Russell Westbrook knows he has a gift, and this weekend, he’ll share that gift with the world.
That’s when the NBA star and style setter will finally take the wraps off his long-awaited inaugural apparel collection. Called Honor the Gift, the collection will be unveiled at a pop-up at Penn Automotive in Oklahoma City, Okla., from 2 to 6 p.m. on Nov. 11 and 12. It will then be offered for sale to everyone else on an Honor the Gift web site beginning at 10 a.m. EST on Nov. 21.
“I’ve been working on it a while,” he said.
Westbrook, a point guard for the Oklahoma City Thunder and the reigning NBA Most Valuable Player, is keeping most of the details about the line under wraps at this point, but he told WWD it will be a small capsule of affordable unisex streetwear.

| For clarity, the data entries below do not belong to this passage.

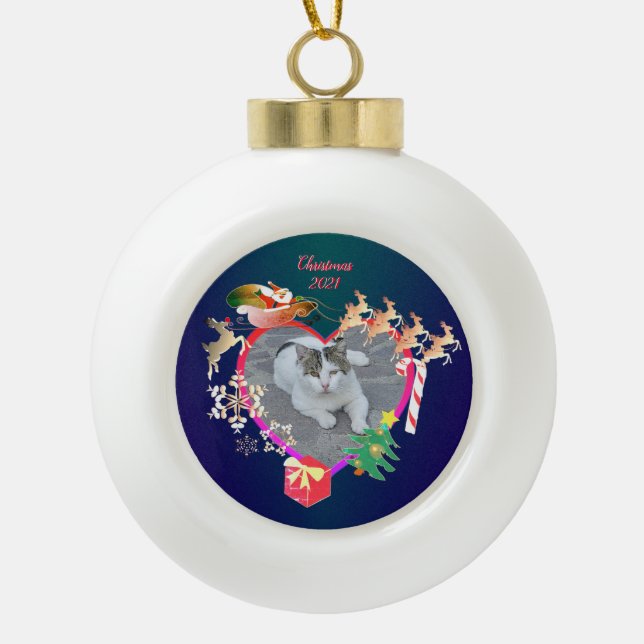 Keramik "Foto des Weihnachtsmanns" Kugel-Ornament (Vorderseite)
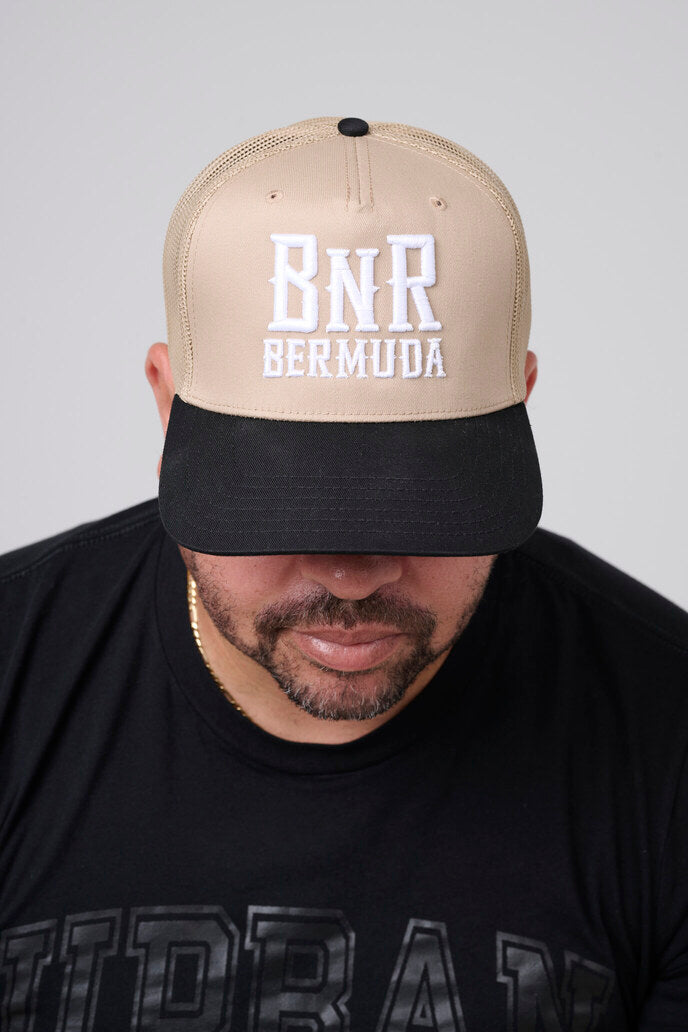 Khaki and Black BnR Trucker Hat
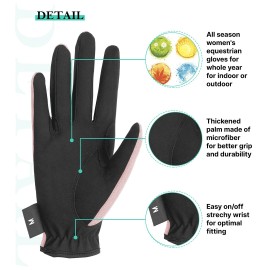 Thapower Horse Riding Gloves Women Equestrian Riding Gloves Ladies Youth Girls Flower Pattern Horseback Leather Gloves Summer Winter Outdoor Sports Mittens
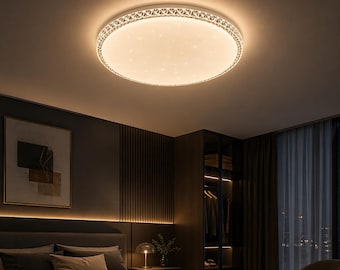 Plafoniera LED moderna a incasso con effetto cristallo, lampada da camera da letto con telecomando, 6 misure disponibili.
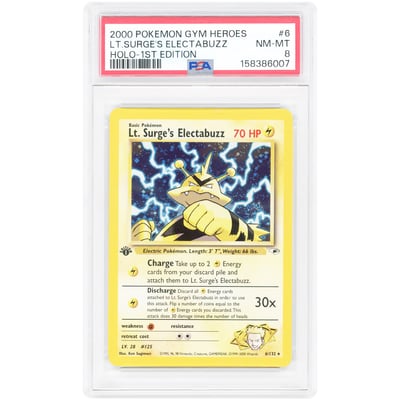 Lt. Surge's Electabuzz 2000 Pokemon 1st Edition Gym Heroes Holo Rare #6 PSA Authenticated 8 Card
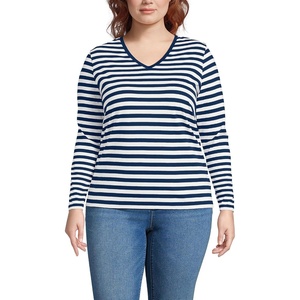 image:imageLands End Womens Supima Long Sleeve VNeck TeeDeep Sea Navy Even Stripe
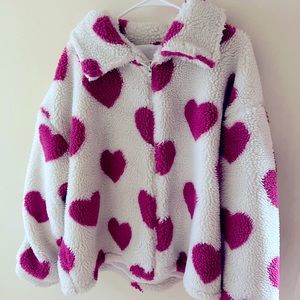 Fuzzy white Jacket with pink hearts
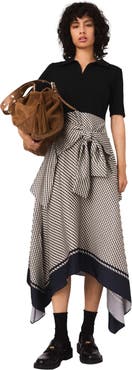 maje Printed two-tone dress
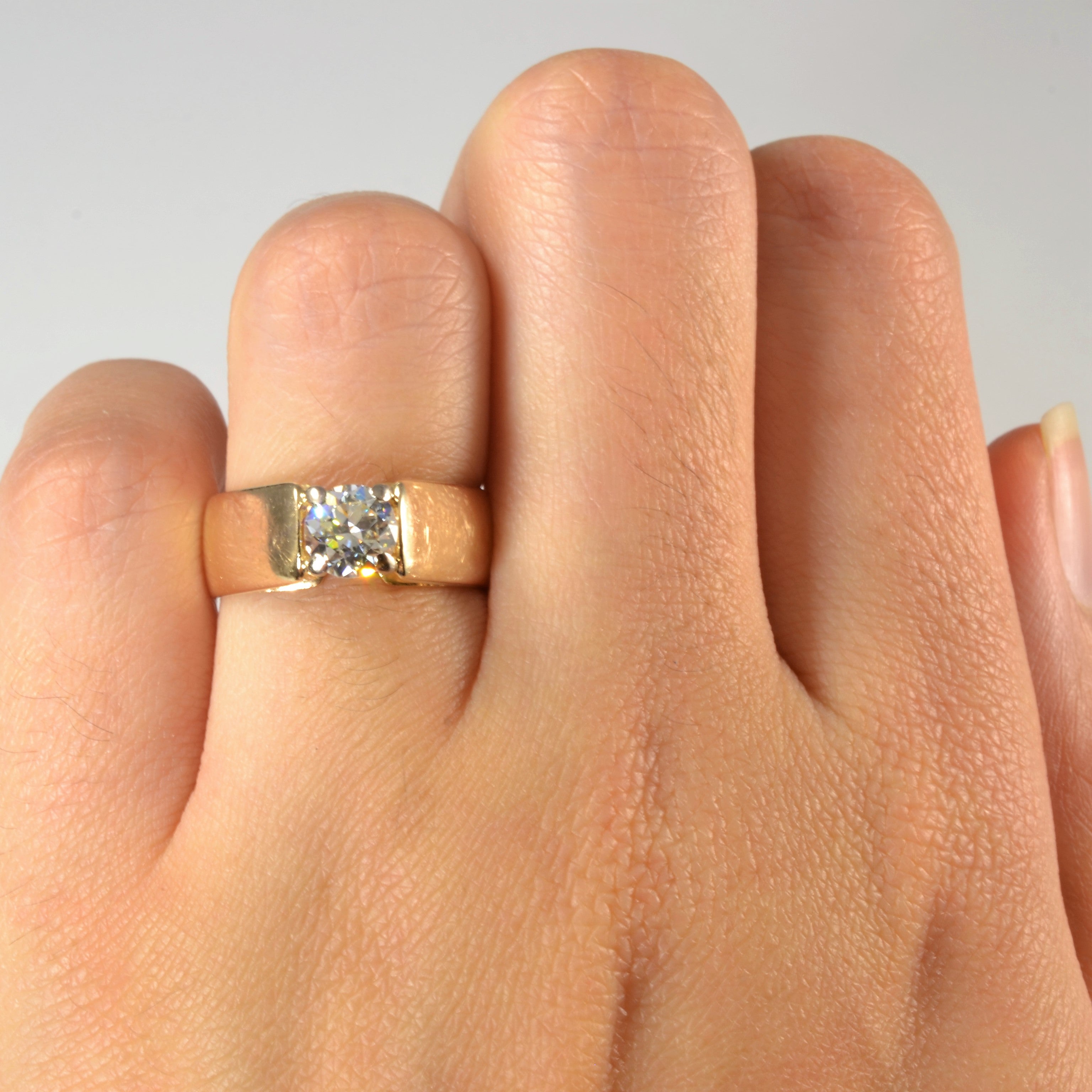 Wide Band Old European Diamond Ring | 0.68ct | SZ 5.75 |
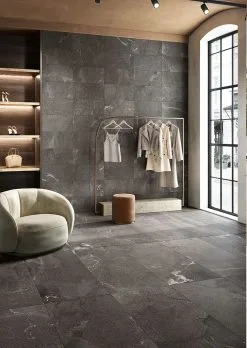 Coem Ceramiche Carrelage Grès Cérame Effet Pierre MOUNT NERO ANTISLIP 60X120 - 1,44m² -Carrelage Soldes carrelage gres cerame effet pierre mount nero antislip 60x120 144m 2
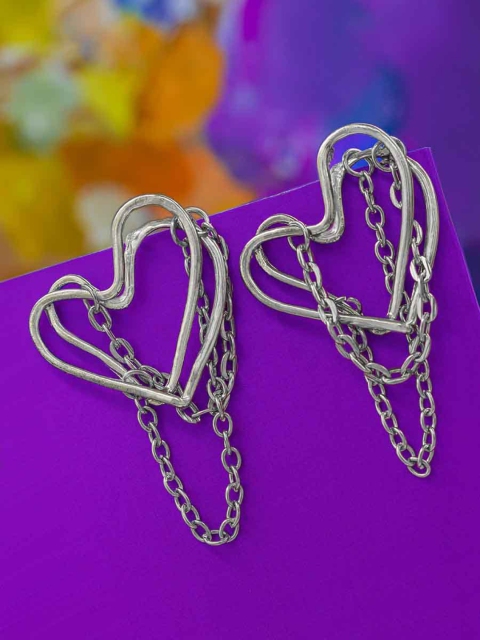 

Bellofox Silver-Toned Contemporary Studs Earrings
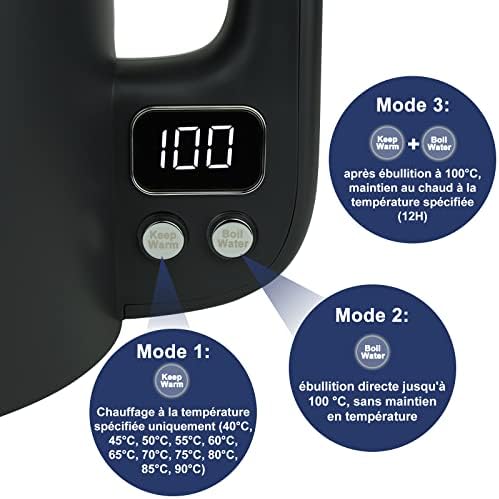 1,7l Bouilloire En Acier Inoxydable 304 Avec 11 Températures, 1800W Protection Contre les Brûlures à sec, Double Protection Contre L'Ébouillantage, Contrôle De Précision Par Led 40°C-100°C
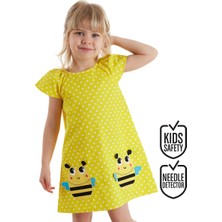 Denokids Puanlı Arılar Kız Çocuk Elbise Eğlenceli Tema ile Şık Tasarım Türkiye Menşeli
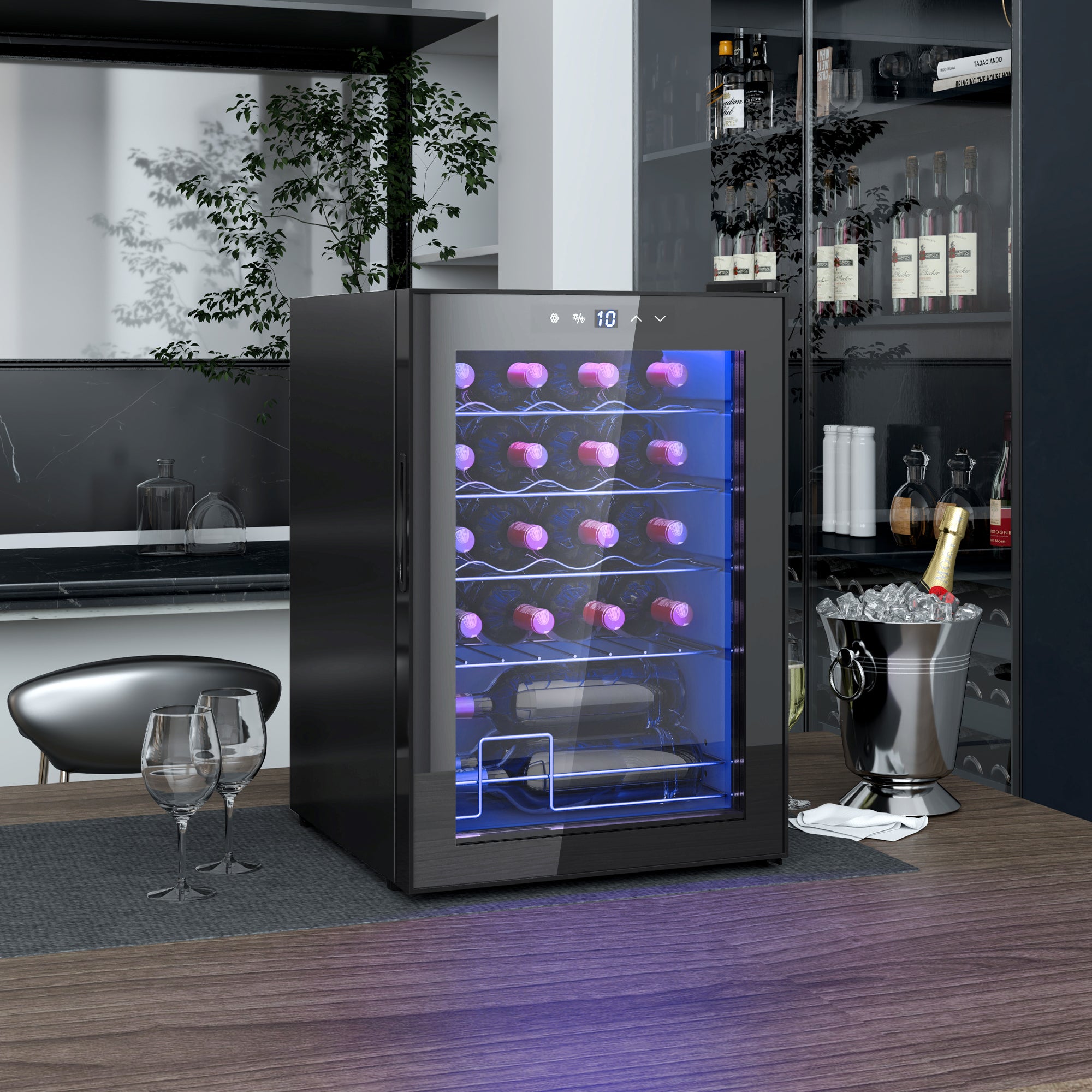 HOMCOM 20 Bottle 5-18℃ Countertop Wine Fridge - Black - North Peak Garden Furniture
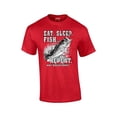 thumbnail image 1 of Fishing Eat Sleep Fish Repeat Funny Outdoors Novelty Short Sleeve T-shirt Fisherman Bass Trout Catfish Crappie Walleye-red-6xl, 1 of 4
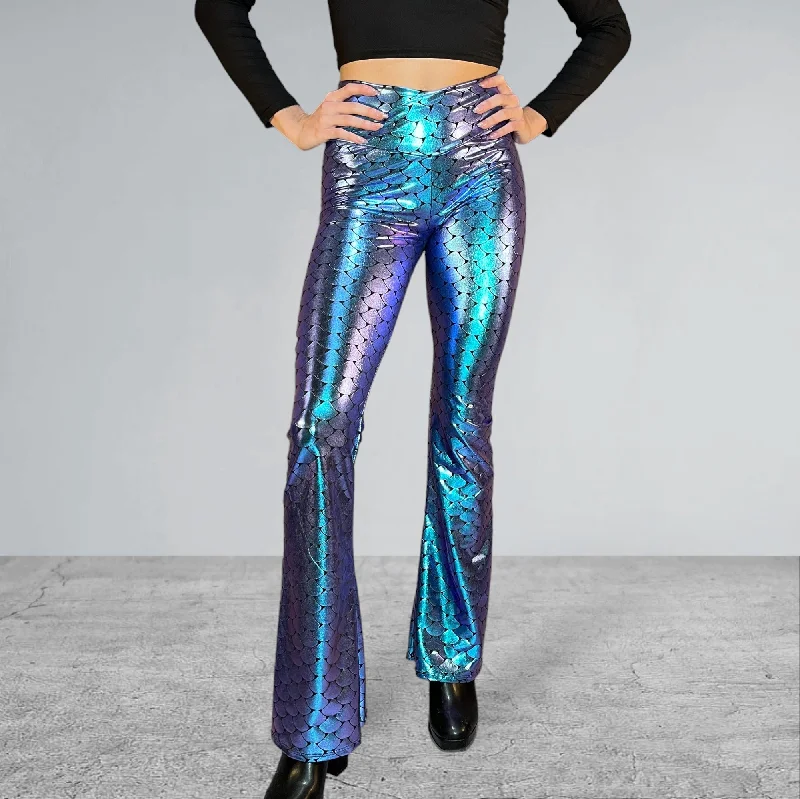 Wide - Leg Women's Chiffon Palazzo Pants for a Flowy AppealCrossover V-Waist Bootcut Flare Pants - Mermaid Holographic Wide - Leg Women's Chiffon Palazzo Pants for a Flowy AppealCrossover V-Waist Bootcut Flare Pants - Mermaid Holographic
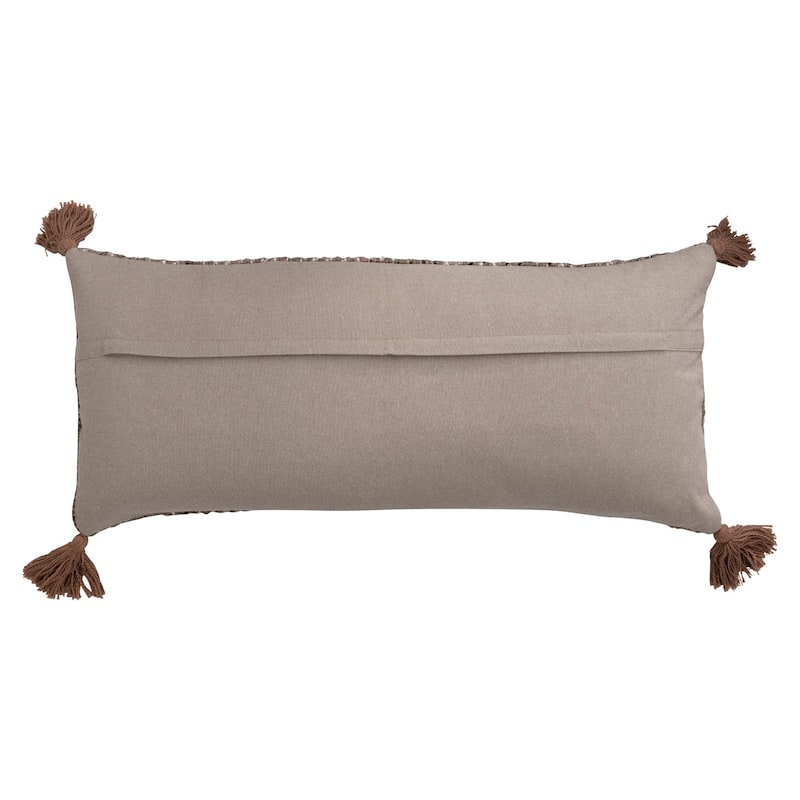 Woven Cotton Striped Lumbar Pillow with Chambray Back and Tassels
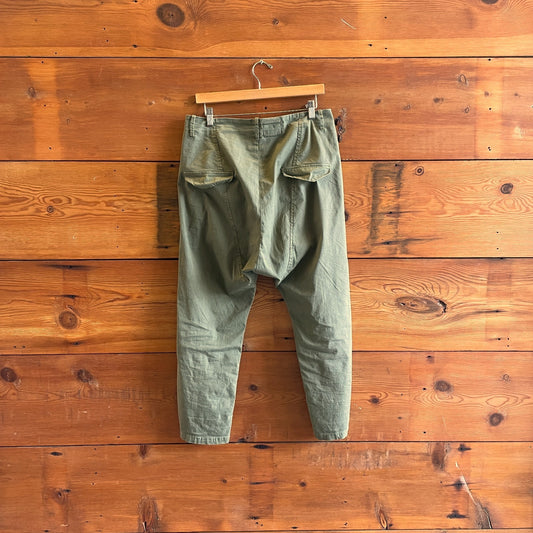 4 - Nili Lotan $345 Olive Green Slouchy Drop Crotch Paris Pants 0804ST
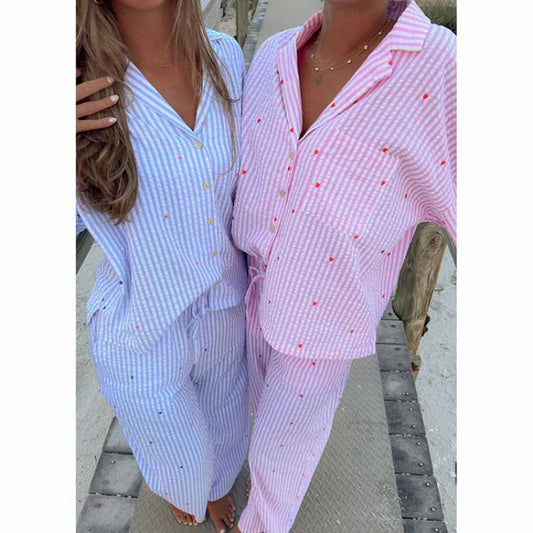 Conjunto de pijama informal de manga larga con bordado de corazón y rayas para mujer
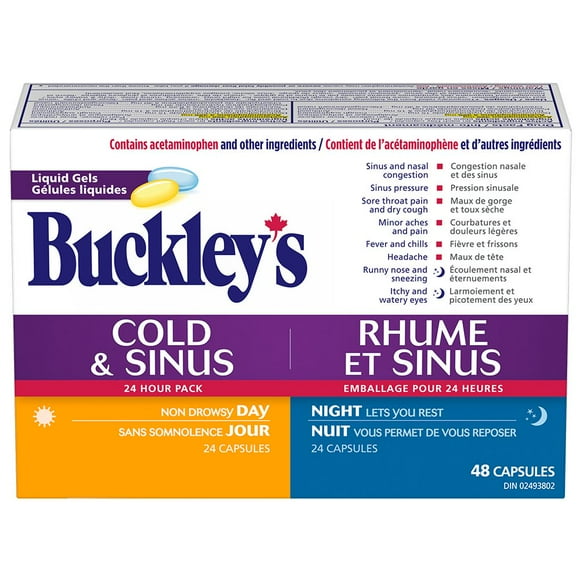 Buckley's Cold & Sinus 24-Hour Pack Liquid Gels, 48 Count, 48 Count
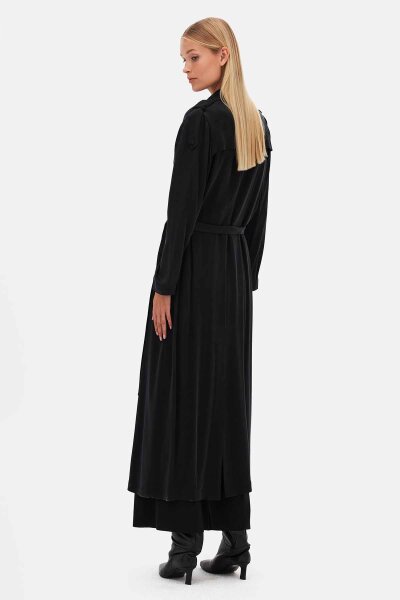 Long Plain Black Coat - 5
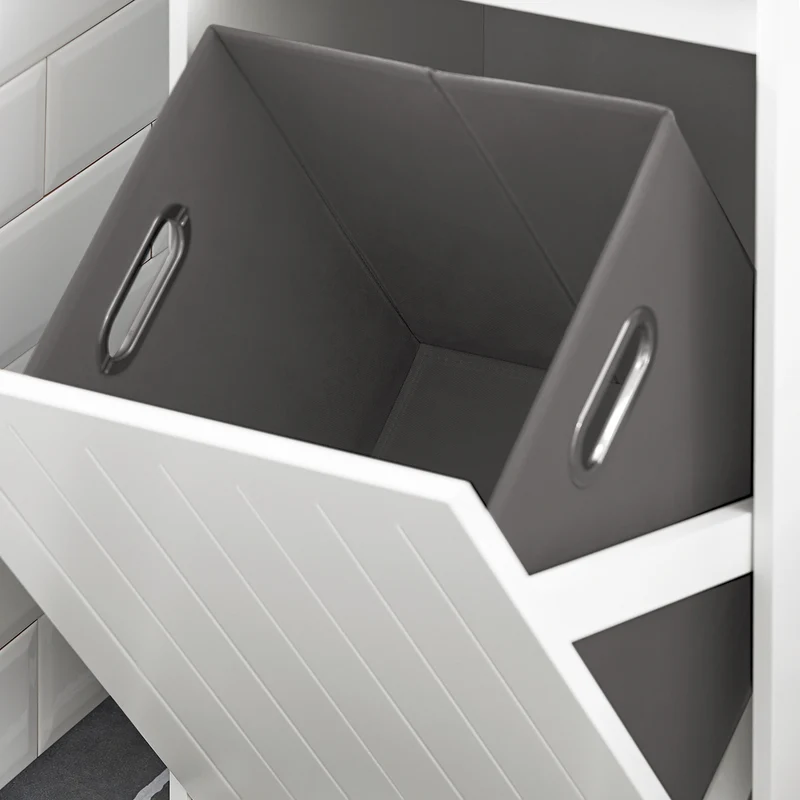 SoBuy BZR110-W Cesto para Ropa Sucia con 1 Cesto y 1 Cajón Blanco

Rumors of Westbrook’s apparel collection have been bubbling for months and the player actually wore a couple of pieces from the upcoming collection to the Thunder’s season opener late last month. Coming into the arena, Westbrook was photographed in a bright yellow T-shirt with a graphic element running down the center and a pair of gray sweatpants with asymmetric stripes below the knee and the same bright yellow accent running from the waistband to midthigh.
“Yes, I wore a couple of pieces,” Westbrook acknowledged.
He said Honor the Gift is his motto and celebrates God for the gift that he’s been given. “I’m blessed,” he said.
The initial offering will be around eight to 10 pieces, he said, and will be for both men and women. Prices will be within reach of most of his fans, he said.
Westbrook said he worked on the design and theme of the pop-up at Penn Automotive, a body shop at 2104 NW 39th Street, that he deemed “a cool spot.”
He said that he may host pop-ups in other cities around the country, but that hasn’t been decided.
The e-commerce site, honorthegift.co, will launch with a look book shot by fashion photographer Kenneth Cappello.
Westbrook wouldn’t say where the line is being manufactured or by whom. “I do a lot of things and have helped a lot of people in fashion,” he said, “so I’ve got a lot of relationships and was able to get the clothes done at a quick pace.”
What he did confirm, however, is that he is personally bankrolling the brand and is serving as the founder, creative director and chief designer. But he worked with a graphic designer and another apparel-industry veteran to create the line. “I don’t know how to draw or be a graphic designer,” he said, “but I had a vision of what I wanted to see.”
Westbrook is hoping the line will connect with his fans and followers, but he’s also not expecting to give up his day job.
“I’m going to take it one day at a time,” he said. “I’m doing it for the community and the culture, not to make huge revenue off of it. Fashion is something I love to do and this will have my fingerprint on it.”
Westbrook has become well-known for his off-the-court style, working with brands as varied as True Religion, Nike’s Jordan brand and Tim Coppens with whom he collaborated on a capsule collection for Barneys New York last year. Rizzoli also released his new book, “Style Drivers,” last month.